Instructions for the task>
Repeat every line of the data exactly, but not the pictures.

Data shown>
Segment Open
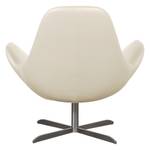 Fauteuil Houston II Cuir véritable Cuir véritable Neka : Crème - Acier inoxydable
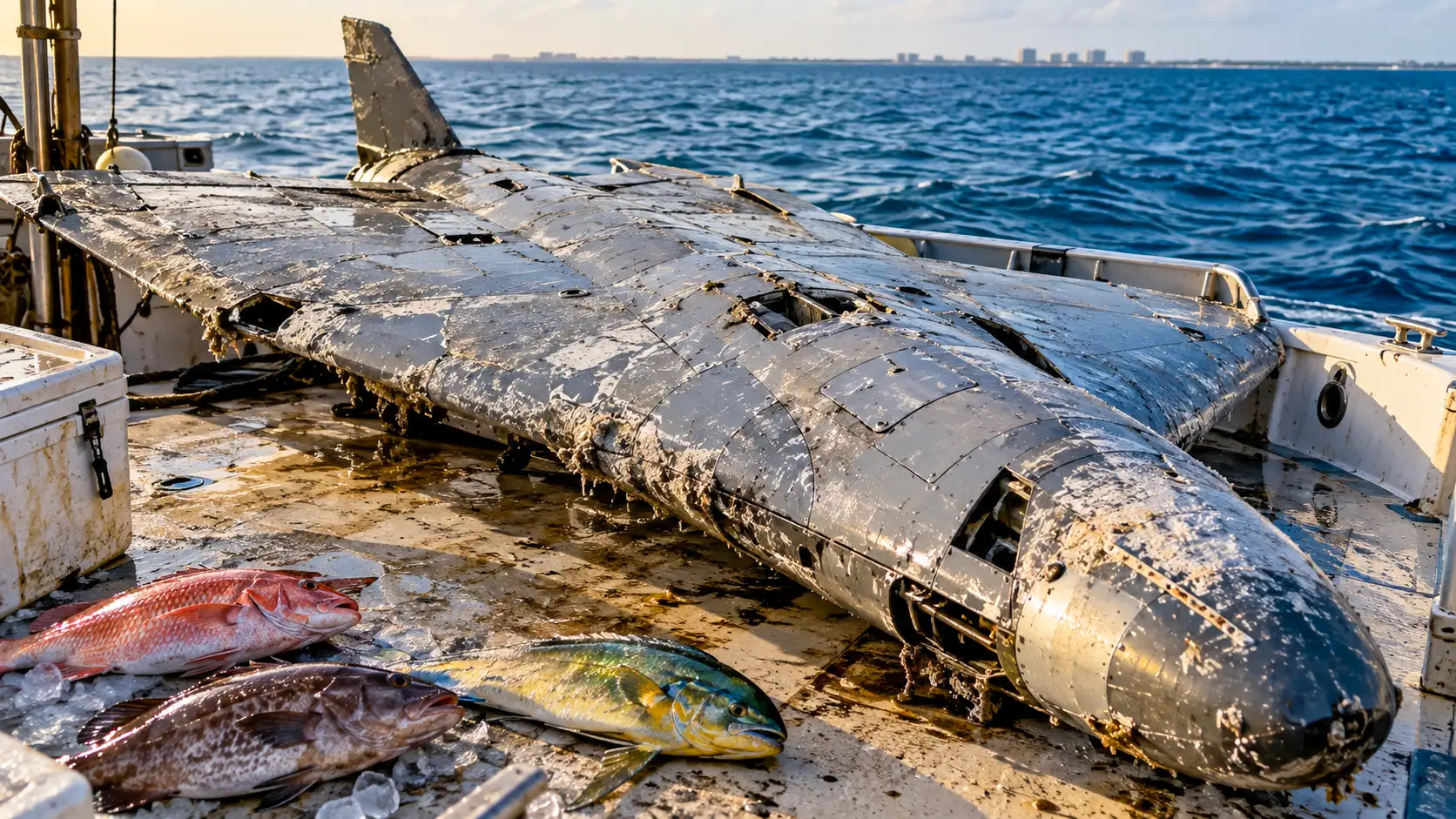 Un drone militaire gris récupéré en mer repose sur le pont d’un bateau de pêche, entouré de poissons fraîchement capturés au large de la Floride.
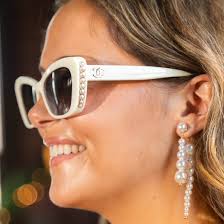 Rent Authentic Chanel Logo White Pearl Sunglasses for 5 Days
Segment Closed
Written response>
 Fauteuil Houston II Cuir véritable Cuir véritable Neka : Crème - Acier inoxydable
 Un drone militaire gris récupéré en mer repose sur le pont d’un bateau de pêche, entouré de poissons fraîchement capturés au large de la Floride.
 Rent Authentic Chanel Logo White Pearl Sunglasses for 5 Days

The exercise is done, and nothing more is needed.